Figure 5.. Gene Ontology (GO) term, KEGG pathway enrichment analyses and protein-protein interaction network of identified prenylated proteins and known AD network proteins.

(A) Top enriched GO terms and KEGG pathways among prenylated proteins enriched in APP/PS1 mice. (B) Protein-protein interaction network showing direct/indirect interactions between AD network proteins and enriched prenylated proteins in APP/PS1 mice. A total of 19 prenylated proteins have known interactions with proteins involved in AD pathogenesis including amyloid precursor protein (App) and microtubule-associated protein tau (Mapt).
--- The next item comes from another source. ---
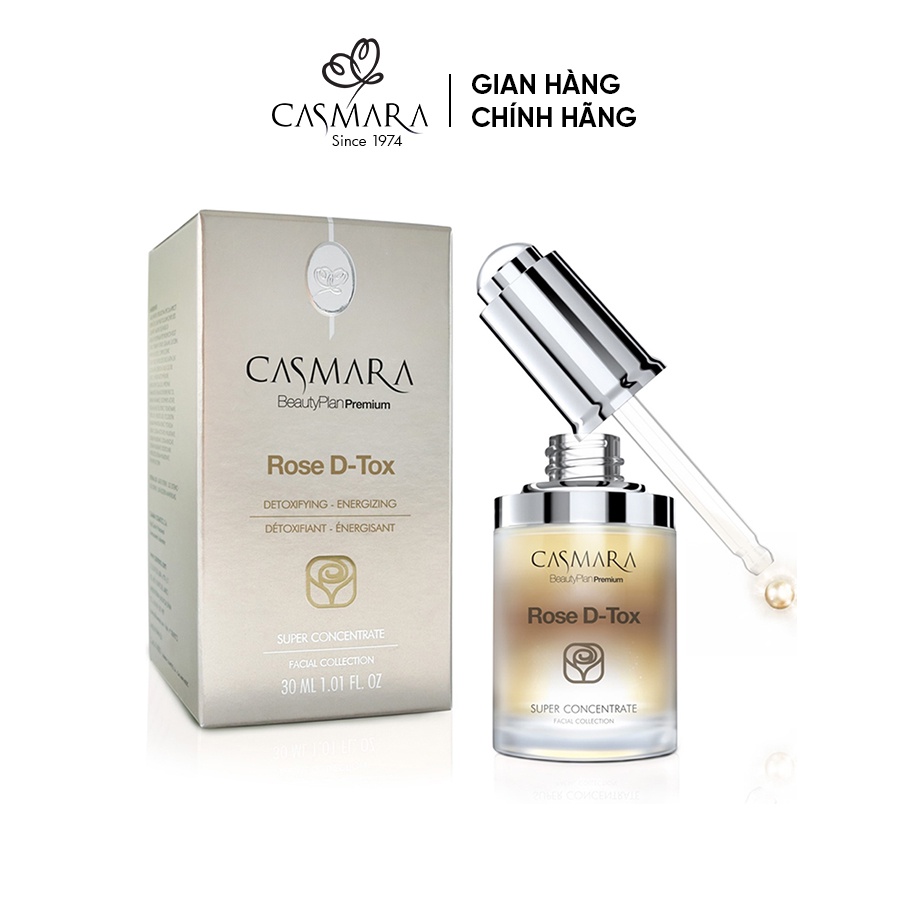 Huyết thanh siêu cô đặc thải độc Casmara Rose D-Tox - Nhập khẩu Tây Ban Nha - 30ml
Figure 6:. Transcriptomic and native abundance comparisons showed that prenylation is upregulated in the APP/PS1 mice.

A) comparisons of the log₂ fold change for the 15 common enriched proteins found in the prenylomic analysis of APP/PS1 mice (orange) compared to a total bottom-up proteomic analysis of APP/PS1 mice compared to WT from externally reported data from proteome exchange (green). B) comparisons of the log₂ fold change for the 15 common enriched proteins found in the prenylomic analysis of APP/PS1 mice (orange) compared to previously reported RNAseq data comparing the expression of proteins in APP/PS1 mice to WT mice. Numerical values for plot are in SI Table 2.